If you followed this week’s BRICS summit in the coastal Chinese city of Xiamen, you would never have guessed the tempest that transpired in the run-up to the event. In a gushing expression of bonhomie, Prime Minister Narendra Modi hailed the Chinese President Xi Jinping for his warm reception and organisation of the summit. Xi, on his part, agreed to include an explicit mention of several Pakistan-based terrorist groups for the first time ever in the BRICS joint declaration.
The two leaders then proceeded to speak of the many avenues for cooperation between the five BRICS states. Hailing the “complementary skills and strengths” that define each of their economies, Modi touched on a wide range of common interests, from clean energy and credit rating, to infrastructure building and skill training. Xi followed by telling the summit that China will provide over $76 million for a BRICS economic and technology cooperation plan, and $4 million for projects undertaken by the group’s New Development Bank.
Yet, only a few days prior, India and China had been engaged in calculated needling along the eastern half of the Himalayas. It started with Indian troops moving in to prevent a Chinese roadway construction in the strategically located Doklam plateau in mid-June. That soon precipitated into a prolonged standoff, which spread to other parts of the Indo-Chinese border. The standoff even resulted in stone-pelting between the two sides in Ladakh.
This is not the first time that India and China have been involved in skirmishes along the border while their leaders exchange warm handshakes elsewhere. In 2014, 200 Chinese soldiers entered disputed territory in order to build another highway, a day before the Chinese President was to arrive in India on a state visit. The year before, Chinese soldiers set up camp in Ladakh, in violation of the Line of Actual Control (LAC) between the two countries.
Alongside these minor irritations, China has tried to wean off India’s neighbours with promises of ports and prosperity: an infrastructure project in Hambantota, an airport in Malé (pointedly announced after the Maldivian Government cancelled a contract with India’s GMR for the same project), and most contentiously, a highway through Pakistan-occupied Kashmir.
None of these activities are purely coincidental. In recent years, Chinese engagement in South Asia has been carefully crafted to undermine New Delhi’s strongest bilateral relationships. When India was involved in a diplomatic tangle over Nepal’s Constitution a little over a year ago, Beijing stepped in to offer an unprecedented fuel supply deal to the Nepalese. Now, in the face of the Doklam conflict, China has offered $10 billion in economic assistance to Bhutan, even before the standoff came to an end.

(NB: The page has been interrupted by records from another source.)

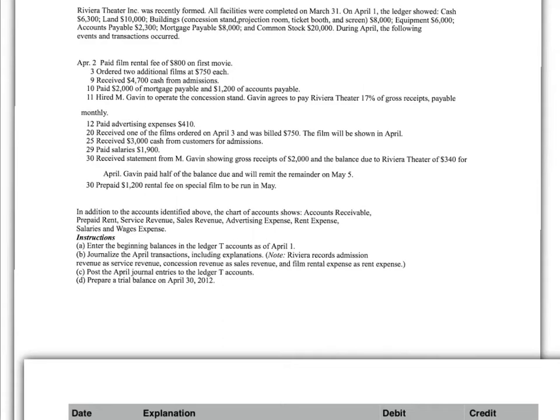Okay, now we're going to demonstrate how we do business transactions using the journal, and then how we classify them and summarize them by posting them to the ledger. First of all, the journal.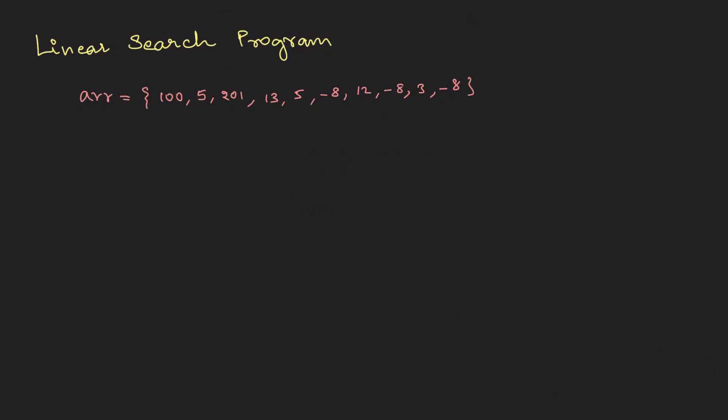Linear search program. Let's say we are given an array and we are supposed to find an element. Let's say the element is 13, I'll be storing this in key. The linear search says that basically we need to traverse each and every element. If you find it, you need to return the position of that element.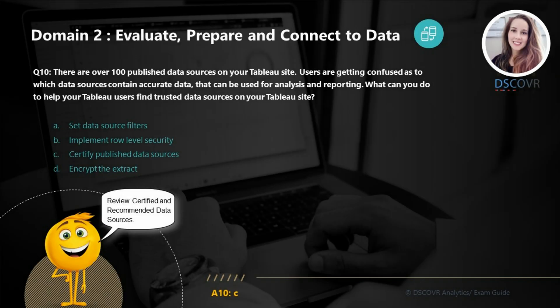Let's take a look at question number 10. Let's say there are over 100 published data sources on your Tableau site and your users are getting confused as to which data sources contain accurate data that can be used for analysis and reporting. What can you do to help your Tableau users find trusted data sources? One of the best things to do in this case is to certify your published data sources.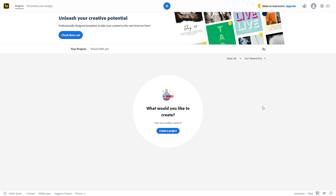Adobe Spark is an online editing and designing tool that you can use on the go through your web browser. You can access this by going to spark.adobe.com and the best thing about it is it is free of cost. You can sign in with your Google, Facebook, or Adobe ID to access Adobe Spark.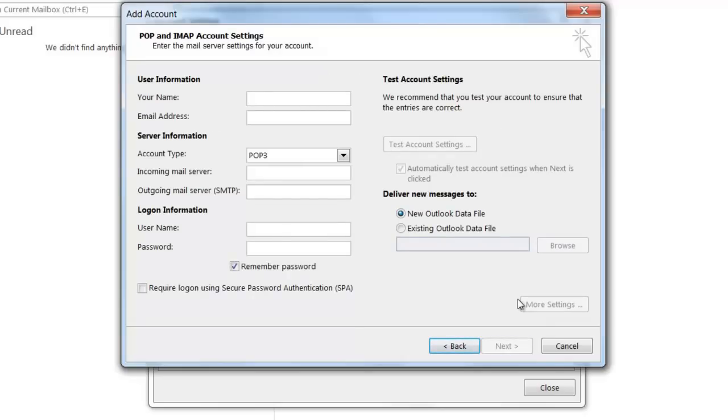On the Account Setup page, you're going to want to fill in some information. For the Your Name field, simply type in your name. In the Email Address field, type in the email address you're wanting to set up.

Why does China do this? Chinese foreign policy has long been driven by what is called the pursuit of ‘fuqiang’ – a term that literally translates to ‘wealth and power’ in Chinese. For over two millennia, Chinese society has determined the legitimacy of a regime on the basis of the wealth and power it has managed to accumulate. Any ideology which fulfils the national goal of fuqiang is readily accepted and pursued. Any that compromises that quest must be abandoned.
For all of history, this has been the greatest test of domestic leadership in China. Successive Chinese regimes have sought to legitimise themselves through the pursuit of fuqiang. In bringing about the Revolution, Mao himself saw communism only as a means to an end, while national wealth and power were the end themselves. Years later, when Deng Xiaoping sought to overthrow Mao’s communist principles, he argued not as an ideologue but as a pragmatist. He famously told a Communist conference in 1962, “It does not matter whether the cat is black or white, as long as it catches mice.”
Now, China is yet again faced with crises that threaten to undermine the political system’s moral authority. With slowing economic growth and increased internal dissent from young aspirational Chinese, Xi has sought to legitimise his party’s political monopoly in China through the time-tested actions of old: the pursuit of fuqiang. Xi calls it the ‘Chinese Dream’; a long-term vision that aims to restore China to its erstwhile position of Asian dominance – or the ‘Middle Kingdom’, as the Chinese have long called themselves. If wealth has been accumulated over the last three decades through the manufacturing boom, power must now follow.
With Japan now rapidly aging, China is increasingly conscious of the fact that India is the most credible obstacle on that path to Asian domination. Its favourable demographics and fast-growing economy apart, India’s democracy is the natural ideological rival to the Communist Party’s rule over China. Over the years, Beijing has sought to counter this threat by undermining the effectiveness of Indian democracy in state propaganda. In 2012, the Oiushi Magazine – published by the Communist Party’s training academy – ran a scathing critique of democracy, pointing to the corruption that plagues India’s governance. “While democracy is widely expected to control corruption,” the authors wrote, “by commonly used yardsticks, democratic India has done no better than China at checking corruption, and may even have fared worse.”
But such propaganda has not always been successful. When China’s second largest news portal Tencent published a report that explained why democracy can’t cure India’s corruption, 85% of the 9,000 people who responded to the report disagreed. In the meantime, democratic dissent has grown, both in the far reaches of Taiwan, Hong Kong and Xinjiang, and also in parts of mainland China. For its own survival, Chinese communist rule will need to discredit Indian power at some point, in order to discredit its democracy.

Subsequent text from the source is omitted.